» **DATA PROVIDED**
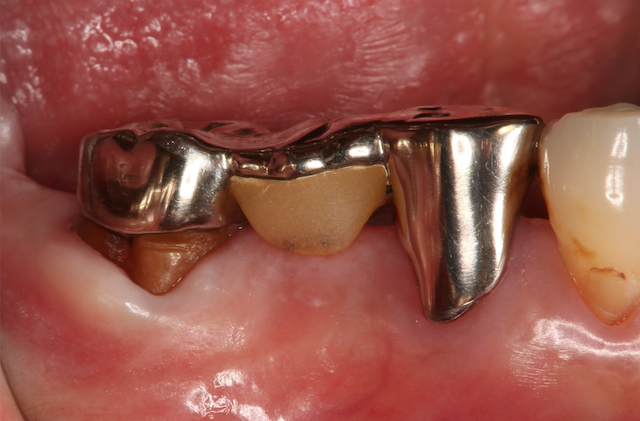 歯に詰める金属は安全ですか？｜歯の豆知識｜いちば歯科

--

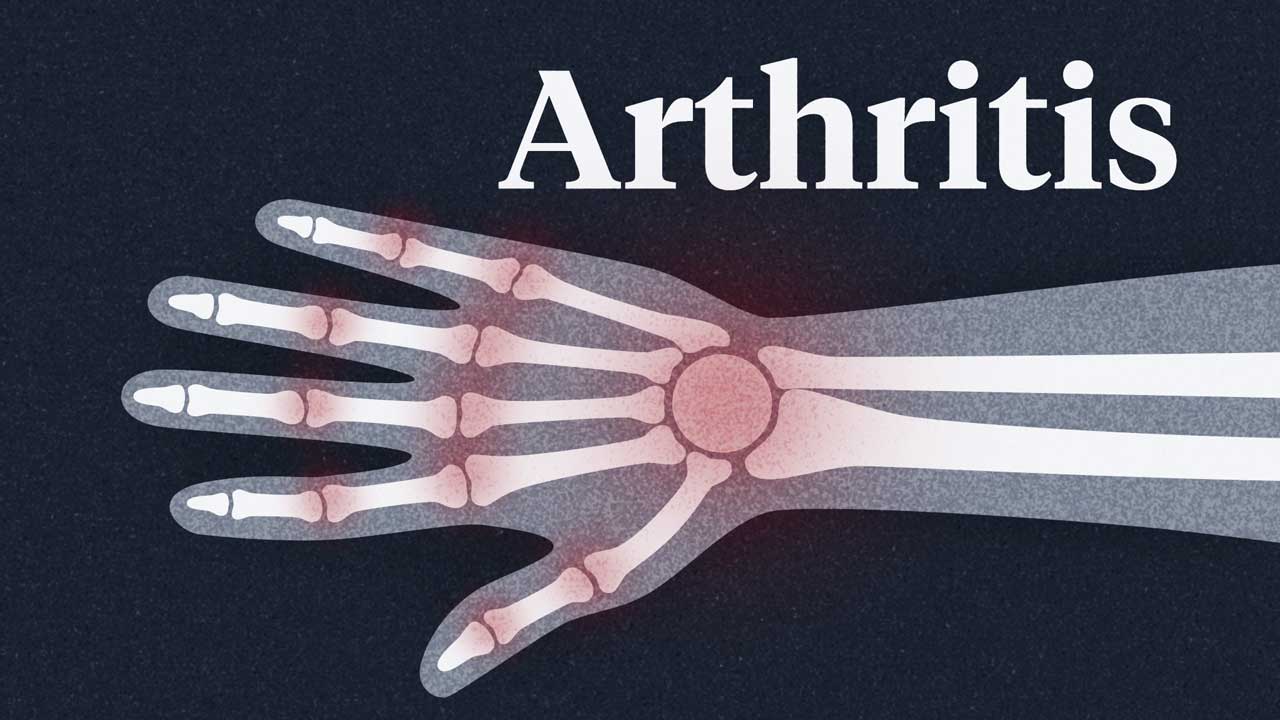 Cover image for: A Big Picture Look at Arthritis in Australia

...

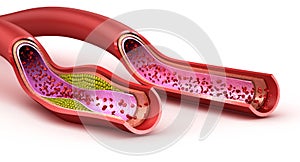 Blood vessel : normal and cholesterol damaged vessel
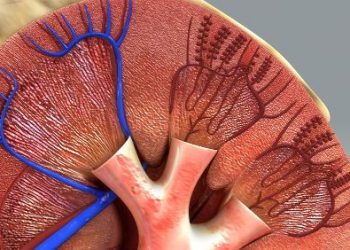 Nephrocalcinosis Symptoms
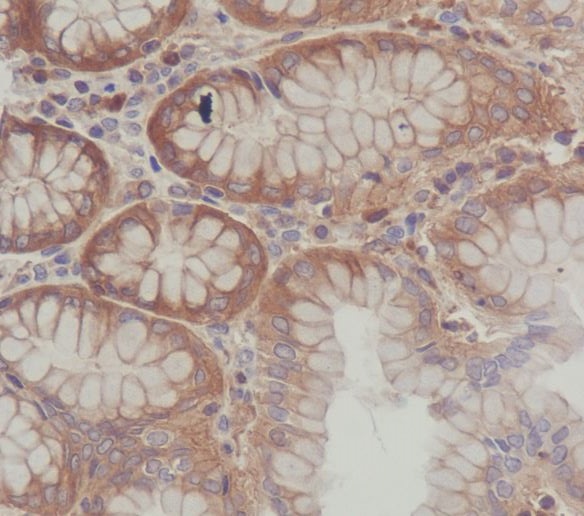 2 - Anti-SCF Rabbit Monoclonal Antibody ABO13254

» **WHAT THE EXERCISE ASKS**
Start with the line with "Blood vessel : normal" in the listing above and stop after the line with "2 - Anti-SCF". Write out exactly the lines in that stretch and no others, without pictures.

» **REPLY TO THE TASK**
 Blood vessel : normal and cholesterol damaged vessel
 Nephrocalcinosis Symptoms
 2 - Anti-SCF Rabbit Monoclonal Antibody ABO13254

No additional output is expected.